Dataset content:
● ● ● ●

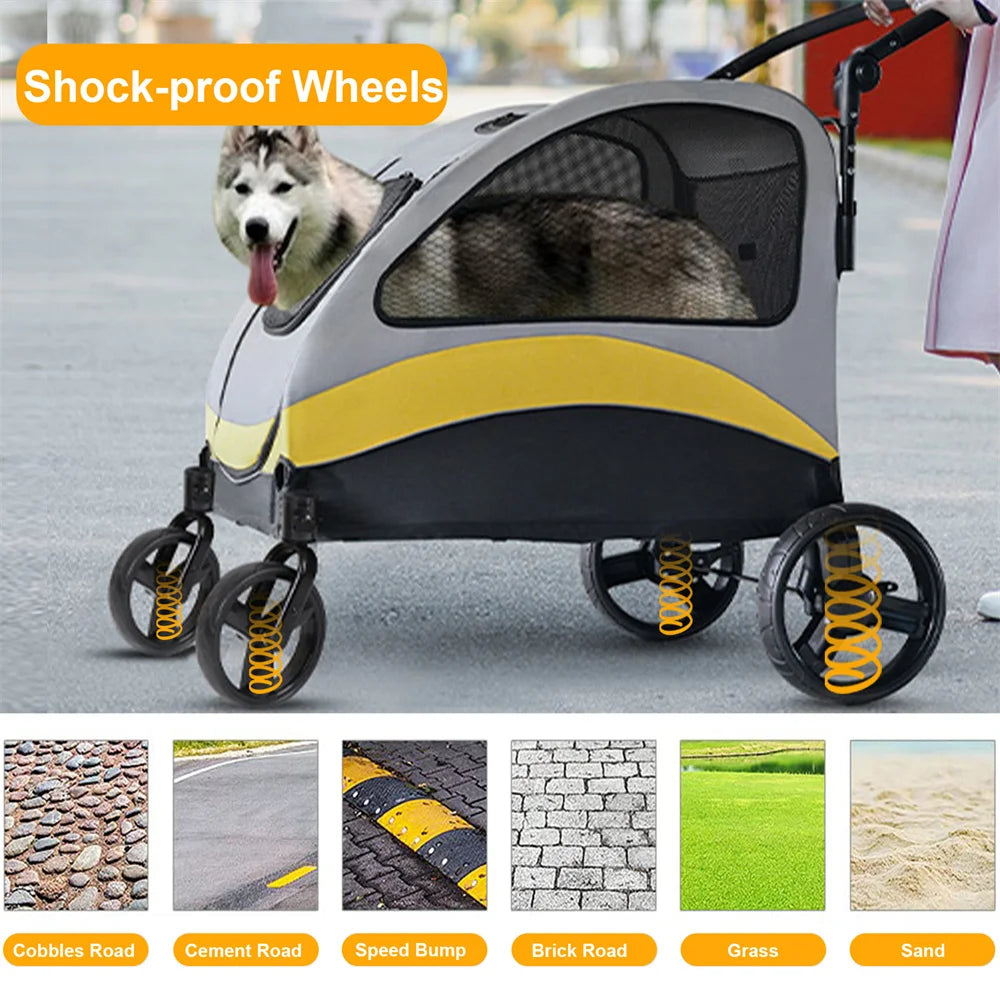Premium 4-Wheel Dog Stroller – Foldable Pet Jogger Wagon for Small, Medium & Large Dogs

● ● ● ●

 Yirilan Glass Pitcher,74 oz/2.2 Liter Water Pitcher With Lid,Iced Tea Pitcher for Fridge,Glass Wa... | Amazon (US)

● ● ● ●

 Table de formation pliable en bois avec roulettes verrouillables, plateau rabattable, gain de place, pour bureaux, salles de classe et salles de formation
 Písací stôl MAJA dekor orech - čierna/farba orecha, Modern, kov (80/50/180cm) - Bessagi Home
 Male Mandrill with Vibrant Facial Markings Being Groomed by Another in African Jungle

● ● ● ●

Task details: Using the records above, copy word for word the line with "Písací stôl MAJA", the line with "Male Mandrill with", and every line between them.

Reply to the exercise:
 Písací stôl MAJA dekor orech - čierna/farba orecha, Modern, kov (80/50/180cm) - Bessagi Home
 Male Mandrill with Vibrant Facial Markings Being Groomed by Another in African Jungle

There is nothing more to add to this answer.